That effort failed in late 2002 when the administration walked away in a dispute over trust standards and independent oversight. The Interior Department then launched a reorganization of the Bureau of Indian Affairs and an expansion of the Office of Special Trustee that many tribes still oppose.

Department officials didn't take part in the workgroup but Hall was confident that Congress would act. He said McCain, who plans to serve as chairman of the Indian committee for another year-and-a-half, will hold a hearing next month in hopes of marking up the bill during the August recess.

"This was our opportunity as Native leaders to ensure this injustice didn't happen again," said Hall, who also serves as chairman of the Mandan, Hidatsa and Arikara Nation in North Dakota.

Cobell, a member of the Blackfeet Nation of Montana, wasn't particularly worried about the executive branch's lack of input. In an interview, she said the courts and the Congress would ensure the federal government meets its trust responsibilities.

"They certainly have fought it in the past because they have not wanted to live up to the liability," she said of department officials whose battle against the case has spanned Democrat and Republican administrations. "But I think it's timely that Congress steps in and enforces some of the victories that have been won in court."

Cobell said the plaintiffs support a $27.487 billion settlement laid out in the principles.
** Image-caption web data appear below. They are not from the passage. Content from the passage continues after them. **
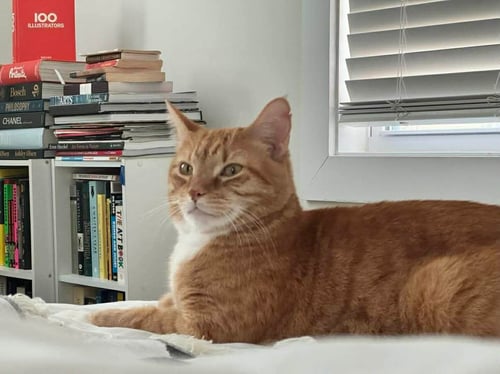 COURTESSY POST-PRECIOUS
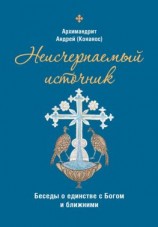 читать Неисчерпаемый источник: беседы о единстве с Богом и ближними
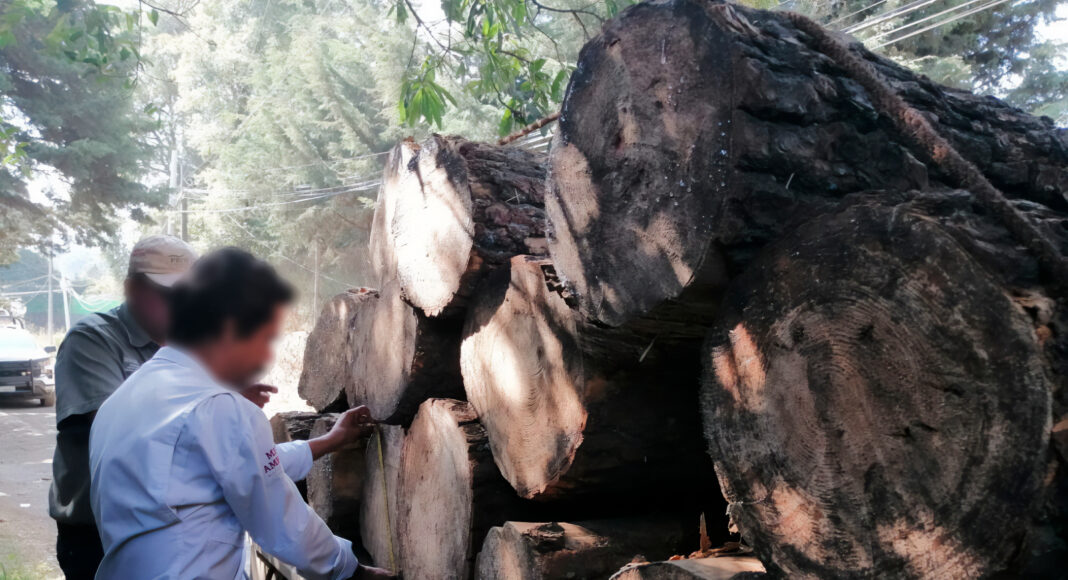 Desmantelan 9 aserraderos en Huitzilac como parte de estrategia para proteger el bosque de agua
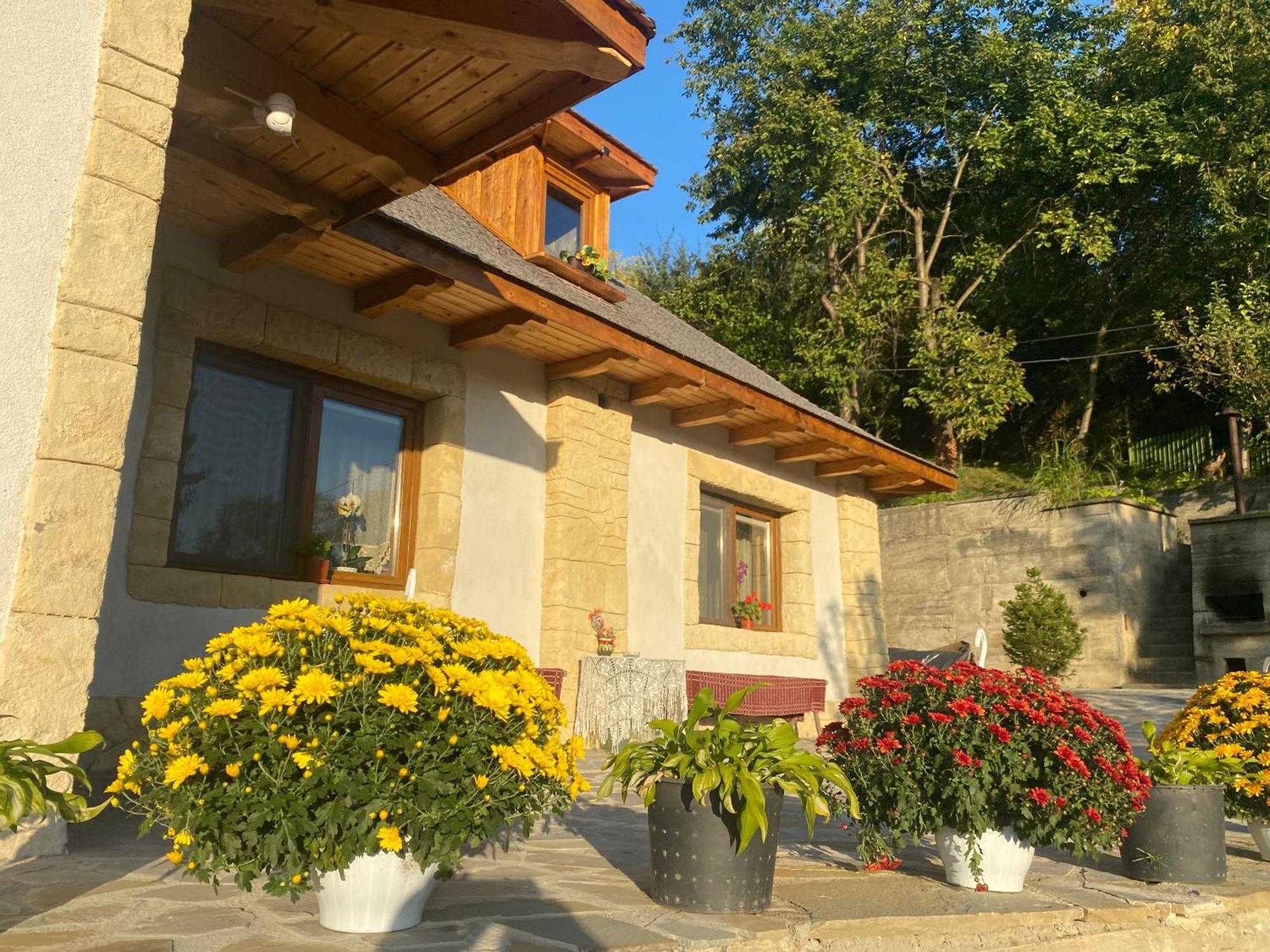 Вилла Casa Cu Sindrila Вэлени-де-Мунте Экстерьер фото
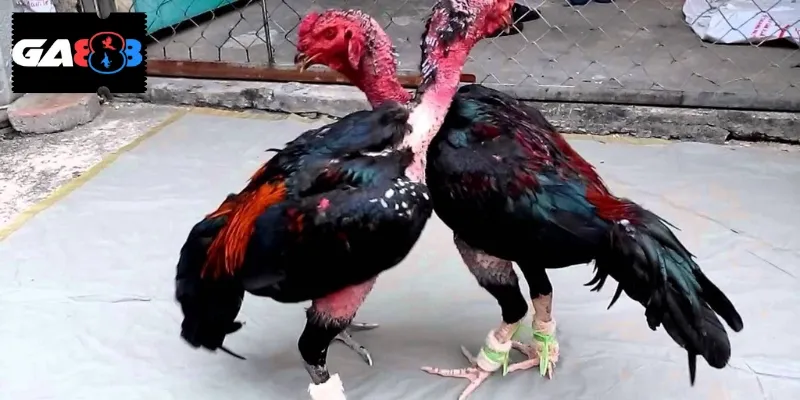 Cần nhớ một vài nguyên tắc trước khi tập luyện cho gà chọi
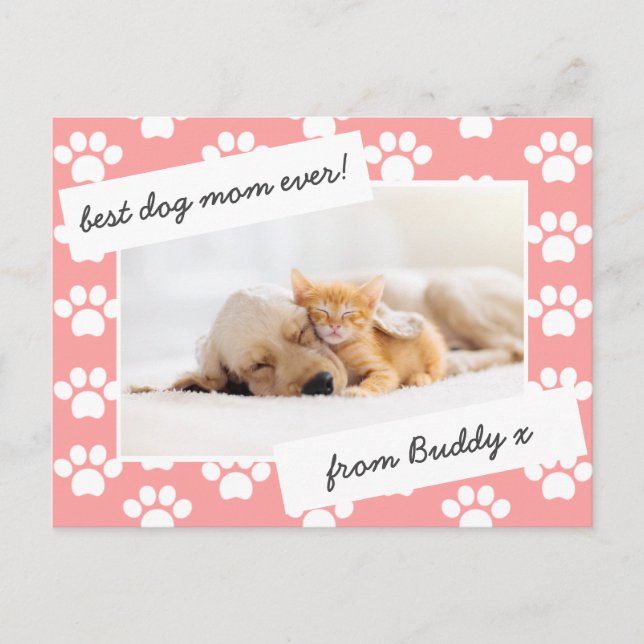 mothers day dog mom photo postcard (Front)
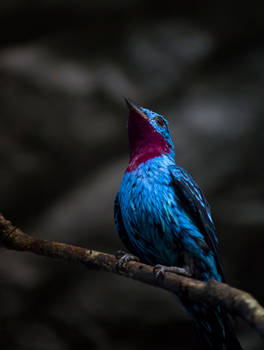 Spangled cotinga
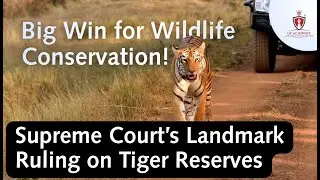 Supreme Court&rsquo;s Landmark Ruling on Tiger Reserves | Big Win for Wildlife Conservation!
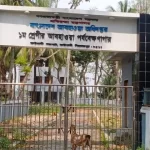 বাংলাদেশে আদানির বিদ্যুৎ সরবরাহ পুরোপুরি বন্ধ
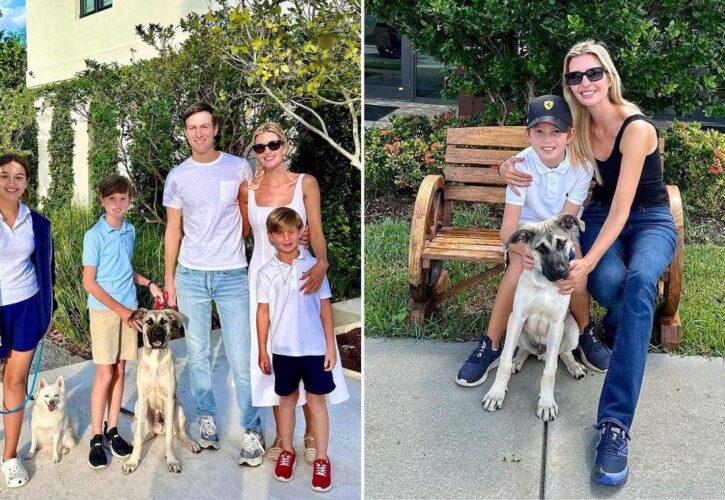 Staving Dog Abandoned Along a Highway Adopted by Ivanka Trump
To be paid in a lump sump to a federal court registry, the money would then be distributed to IIM account holders based on the types of activity that occurred on their lands.
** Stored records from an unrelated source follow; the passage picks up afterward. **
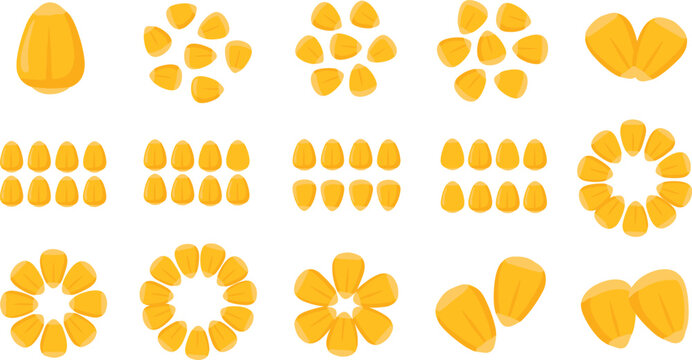 Corn kernel illustration set with sweet maize grains pieces and circular arrangements isolated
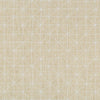 Kravet Appointed Papyrus Fabric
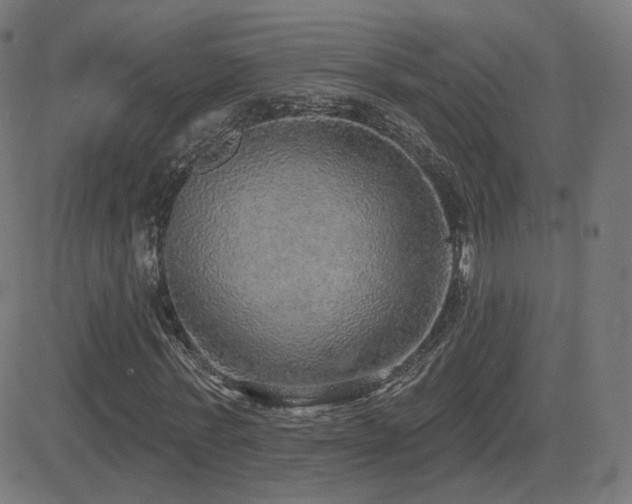 X0000081320771200701111332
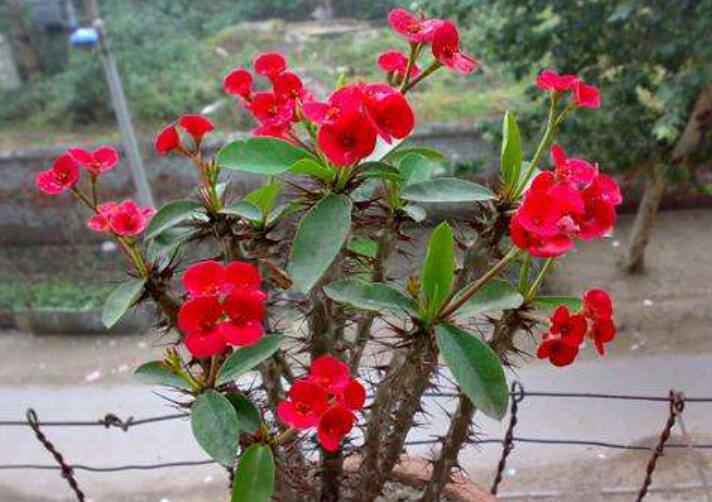 铁海棠.jpg 铁海棠.jpg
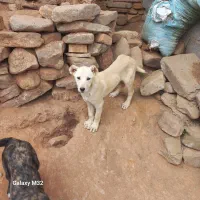 سلام کوچوک دل سه ماه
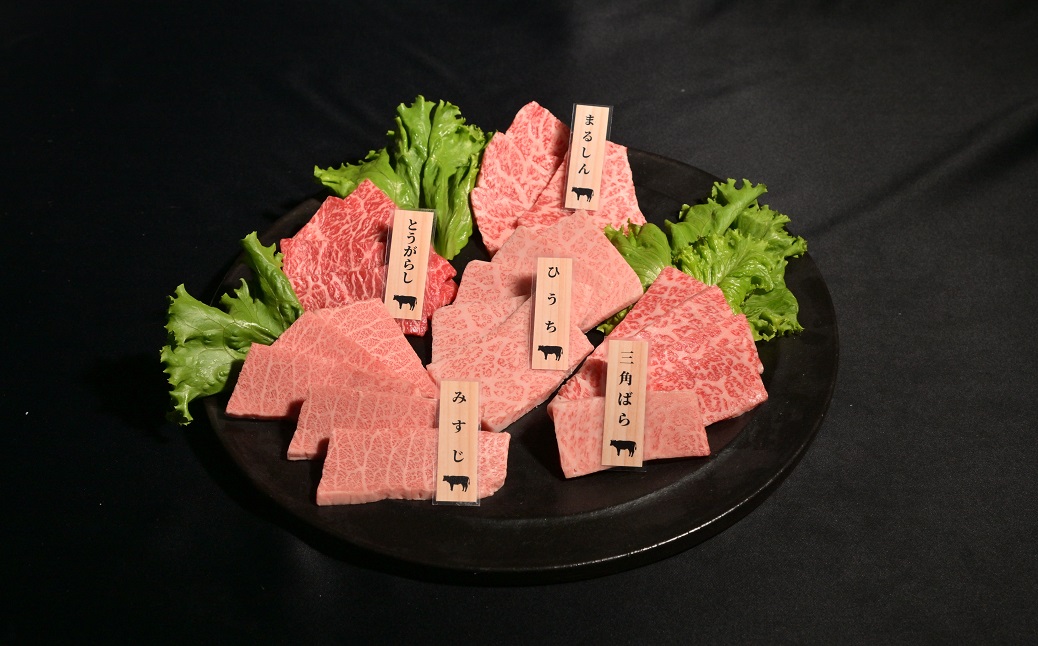 神戸牛 希少部位 焼肉 5種類 セット（三角ばら・みすじ・とうがらし・ひうち・まるしん） 計400g （各80g×1） AS53CC10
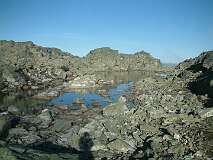 452: 2_DSCF0782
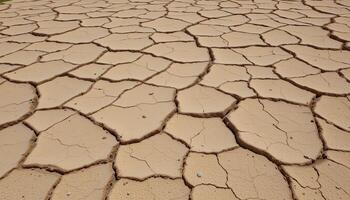 dried mud patterns in a vanished riverbed. photo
The settlement amount, which was the focus of most of the press inquiries yesterday, is based on $13 billion that the plaintiffs and the government agree has passed through the trust since at least 1909. To arrive at the $27 billion figure, resource accountants hired by the plaintiffs devised a methodology to determine how much oil, gas, grazing and other activities occurred on Indian trust lands.

Under trust law, a trustee must show that payments for these activities made it to the account holders but Cobell, Hall and others said proving that would be impossible due to inadequate record keeping.

So rather than spend millions, or potentially billions, on an historical accounting, the settlement would end the historical accounting aspect of the Cobell lawsuit. U.S. District Judge Royce Lamberth has yet to hold a trial on this part of the case.

"If this legislation gets to a point where it's approved ... the court case will probably stop," Cobell said in the interview.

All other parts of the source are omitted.